* Work instruction
Among the entries below, the lines from the one with "Aerial view of" up to and including the one with "Framed wall art" are to be restated exactly, without pictures.

* Input
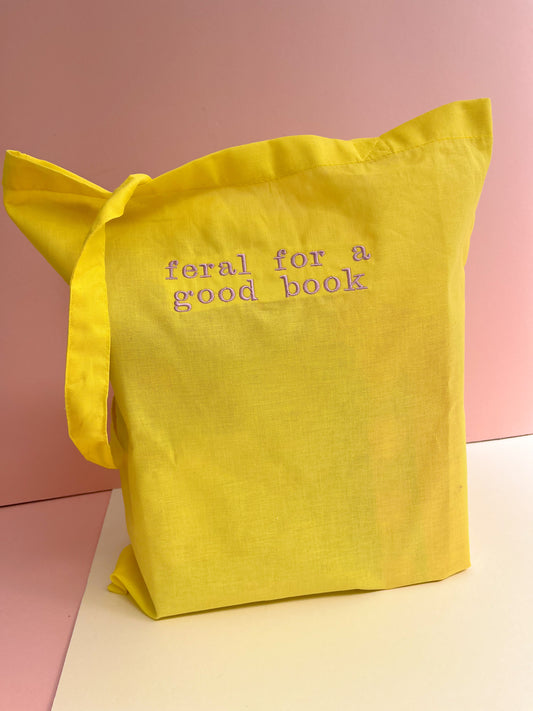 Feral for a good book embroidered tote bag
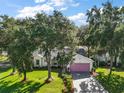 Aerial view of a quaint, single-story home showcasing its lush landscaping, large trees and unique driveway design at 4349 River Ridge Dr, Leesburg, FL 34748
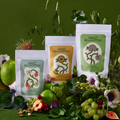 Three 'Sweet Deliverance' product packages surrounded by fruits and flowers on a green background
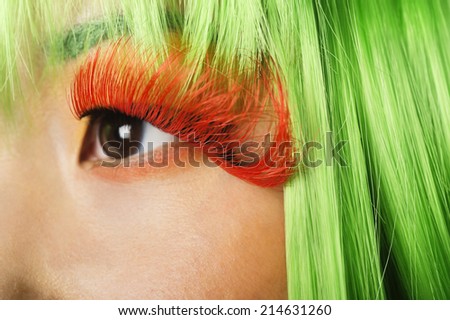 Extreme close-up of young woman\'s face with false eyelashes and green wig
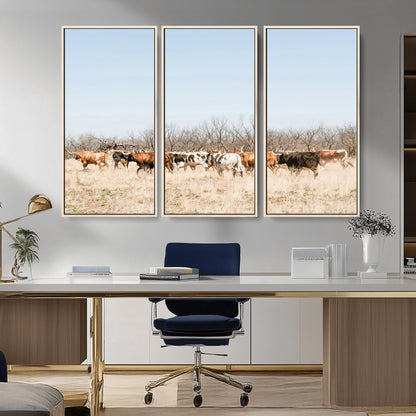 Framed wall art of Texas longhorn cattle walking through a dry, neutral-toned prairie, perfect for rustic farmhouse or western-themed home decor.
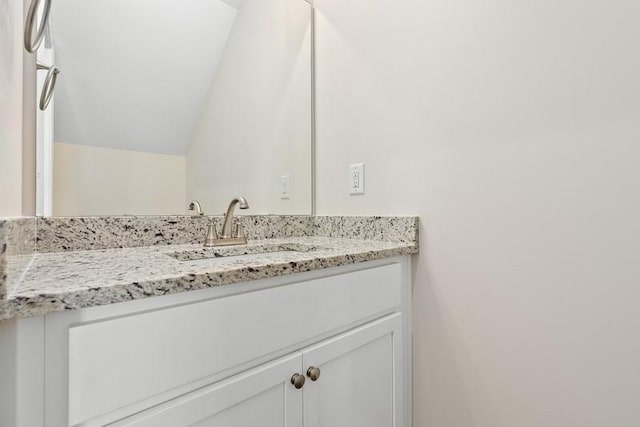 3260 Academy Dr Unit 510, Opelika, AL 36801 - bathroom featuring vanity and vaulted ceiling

==

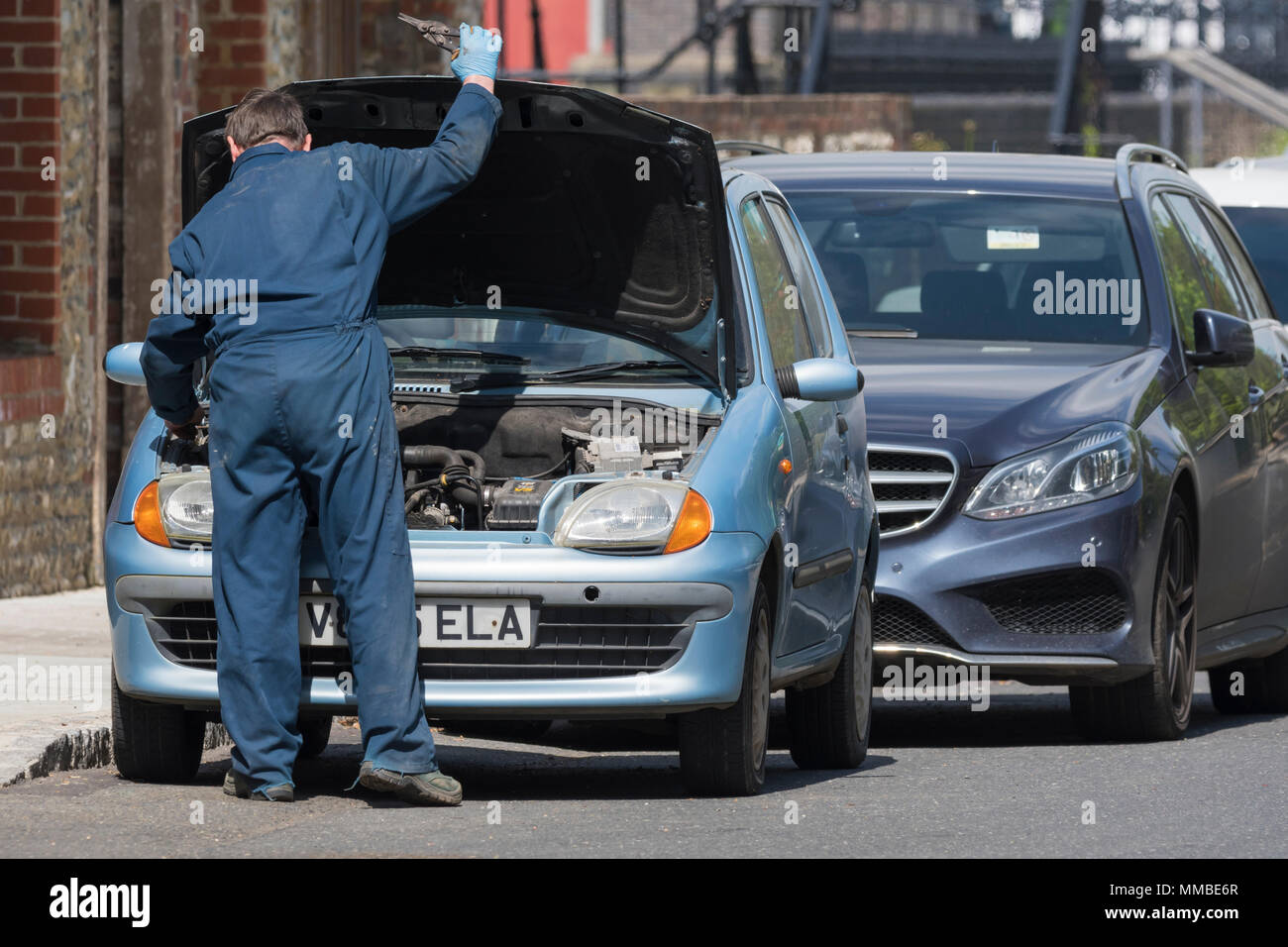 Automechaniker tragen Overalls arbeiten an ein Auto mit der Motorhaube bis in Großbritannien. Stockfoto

* Completed exercise
 Aerial view of a quaint, single-story home showcasing its lush landscaping, large trees and unique driveway design at 4349 River Ridge Dr, Leesburg, FL 34748
 Three 'Sweet Deliverance' product packages surrounded by fruits and flowers on a green background
 Extreme close-up of young woman\'s face with false eyelashes and green wig
 Framed wall art of Texas longhorn cattle walking through a dry, neutral-toned prairie, perfect for rustic farmhouse or western-themed home decor.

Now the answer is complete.